Si può avere un’idea di “troppo” quando non esiste una regia dall’alto che riesca a razionalizzare l’offerta culturale. Io non credo che a Milano ci sia troppo. Penso che il ruolo degli amministratori di una città debba essere capire bene il contesto e la missione culturale per un festival. Per esempio, solo qualche giorno fa abbiamo inaugurato il Milano Film Festival 2025. Dopo molti anni è stato di nuovo riempito quello che per me era un vuoto per la città. Comunque a Milano c’è una ricetta che funziona molto bene.

Quale è?
Quella dei festival cosiddetti orizzontali, come Piano City o Book City, con palinsesti che lasciano voce e spazio a espressioni creative molto diverse, da quelle grandi a quelle piccole. E che grazie a una regia  vengono messe a sistema. Non dico che sia una ricetta universale ma se è applicata bene funziona davvero e penso che sia tipicamente milanese. Dà la possibilità a tante realtà più piccole di esprimersi su un tema generale.
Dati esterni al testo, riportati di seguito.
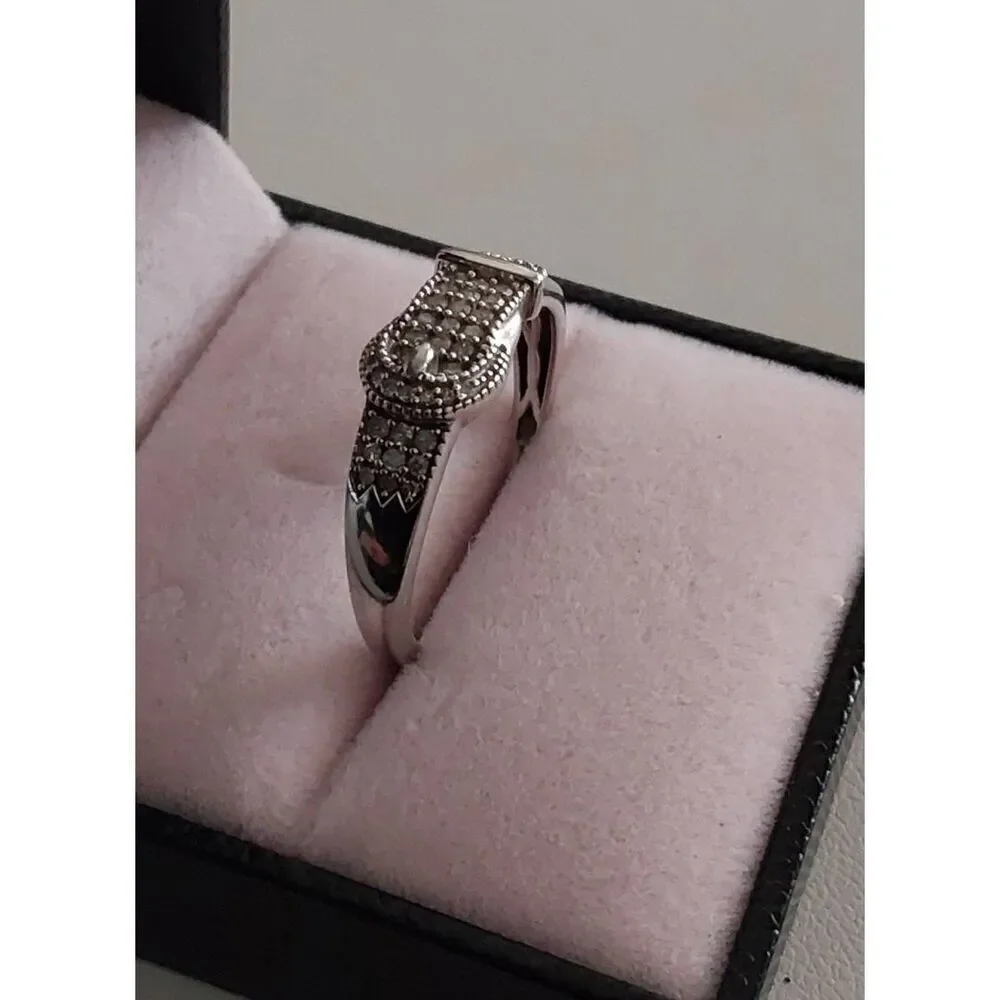 Trendy New 1/4 Carat Genuine Natural Diamond Buckle Design Ring Sz 10 - Picture 2 of 4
E il tutto ha origine dal rapporto tra il Salone del Mobile e il Fuorisalone. Quindi tra la parte definiamola più commerciale e tutte le realtà più indipendenti che occupano spazi che nascono magari con un’altra funzione.
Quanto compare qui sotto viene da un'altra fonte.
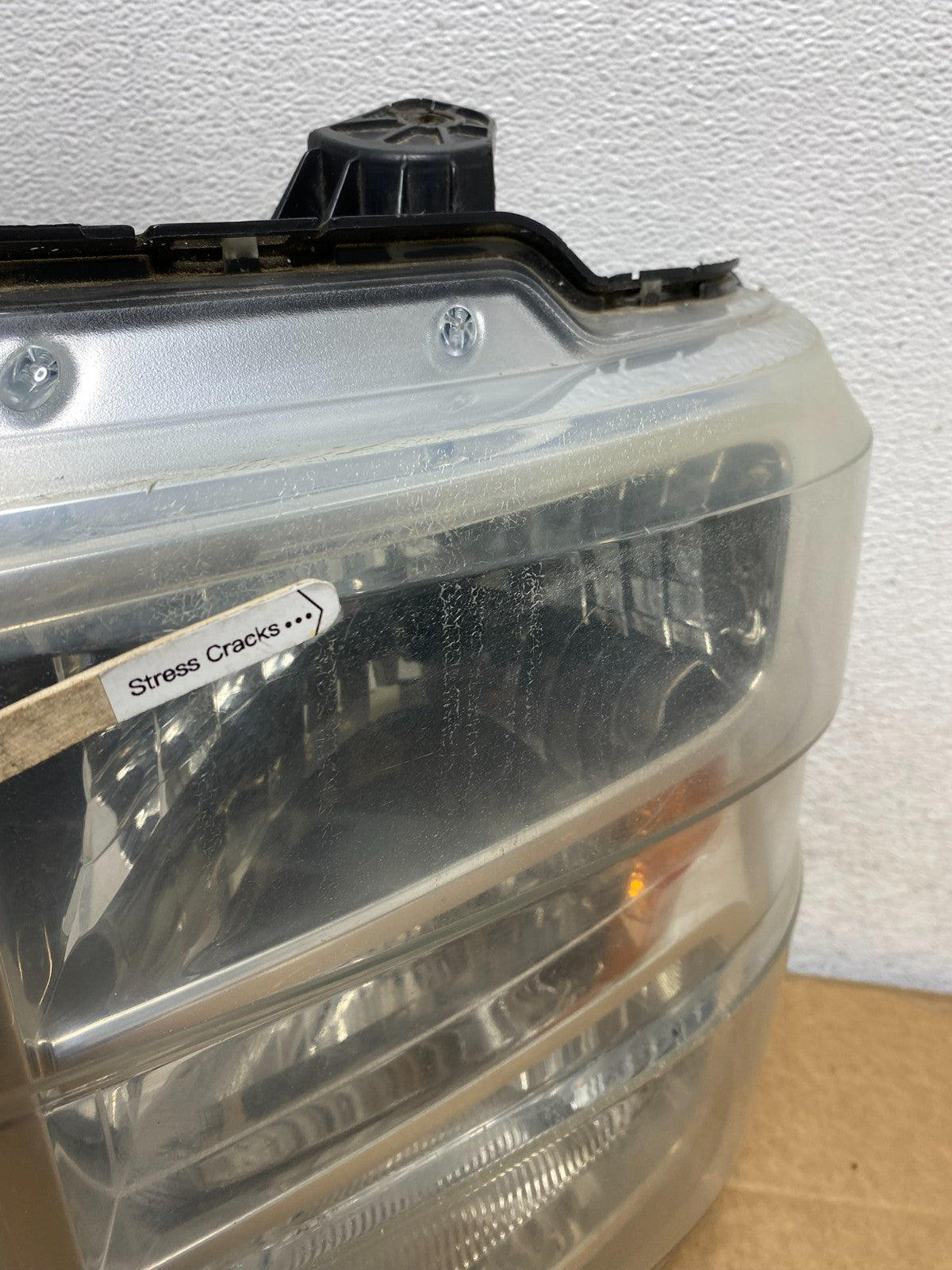 2008-2014 Ford Econoline E150 E250 E350 Left Driver LH Headlight AD6028 DW4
A Milano manca forse il concetto di festival internazionale come possono essere il Primavera Sound o il Sonar a Barcellona? Si avvicinano magari gli I-Days per la portata degli artisti internazionali e il MiAmi per la volontà di proporre il concetto di festival?
Queste due realtà sono fondamentali. Penso che a Milano non si possa proprio parlare di mancanza di eventi musicali importanti con big venue come lo stadio e gli ippodromi. Non penso che bisognerebbe inventare altro, ma piuttosto rimanere al fianco di chi continua a portare avanti da quasi 20 anni. Come gli organizzatori del Miami, per esempio.

Se potesse avere campo libero totale che cosa farebbe oggi per la musica in città?
Moltiplicherei ancora di più le occasioni per far conoscere realtà ancora poco sotto i riflettori. Per esempio, come succede in altri Paesi europei, aumenterei i concerti nei luoghi di lavoro oppure aumenterei le ore di musica nella didattica. Per esempio, tutta la musica dalla seconda metà del Novecento in poi non viene studiata a scuola e questo è davvero un gran peccato.

Ci sono delle città in Europa a cui guarda oggi come dei modelli da seguire?
Penso che La Friche la Belle de Mai a Marsiglia sia un progetto culturale davvero interessante. Al posto dell’ex Manifattura Tabacchi ora vi si trovano, tra le altre cose, una radio e un punto di ritrovo per ascoltare musica elettronica. Oppure la Biblioteca di Helsinki, una delle più belle che abbia mai visto e a cui voglio ispirarmi, dove è possibile anche prendere in prestito gli strumenti musicali. Credo che l’idea di poterli provare, senza costi per le famiglie, per capire che cosa sia più adatto rappresenti davvero un’idea di progresso. Perché sono convinto che se io non suonassi il pianoforte avrei meno stimoli e sarei meno felice nella mia vita. Non siamo – ancora sottolineo – abituati a questa visione ma spero vivamente che possa essere introdotto anche da noi.